He is a patriot but hardly a simple-minded jingoist, as some of his critics have portrayed him. He is a more complicated patriot who sees his country through grey-colored lenses. More precisely, he is an anachronism, an old-fashioned FDR liberal stuck in twenty-first-century, conservative America. He believes Americans should take care of their own at a time when distrust of government is at an all-time high.

Bruce Springsteen is often called the rock-and-roll laureate of the United States, the Everyman prophet of the working class. His work indeed unites poetry and politics and religion. This most Catholic of artists writes lyrics infused with a strong Catholic streak, punctuated by biblical metaphors and messianic warnings. Catholicism is to Springsteen what Judaism is to Bob Dylan: an inseparable part of his self.

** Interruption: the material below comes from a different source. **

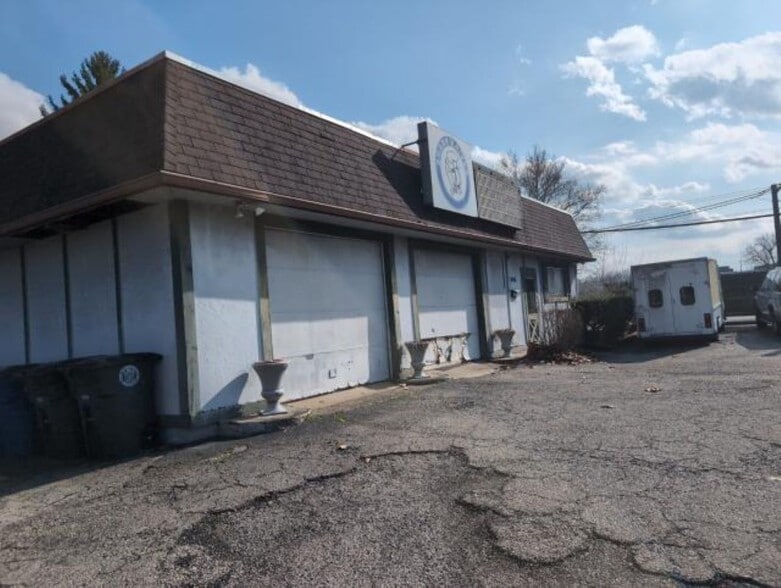 Primary Photo Of 3000 Wayne Ave, Dayton Freestanding For Sale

For decades now Springsteen has written extensively about people down on their luck, with trenchant commentary on various disasters—both manmade and natural—from the 9/11 attacks to the war-from-the-hip administration of George W. Bush to the Great Recession. Although social justice issues have always been an undercurrent in his work, his recent efforts indicate a near obsession with them. The characters he sings about in “We Take Care of Our Own,” “Jack of All Trades,” “Easy Money,” “Shackled and Drawn,” and “Death to My Hometown”—all from his 2012 release Wrecking Ball—condemn government policies that he considers woefully inadequate in caring for the lives of those in need. In “Shackled and Drawn,” for example, Springsteen’s narrator could not be more direct: the fat-cat bankers—Romney’s 1 percent—live it up while the “workingman pays the bill.”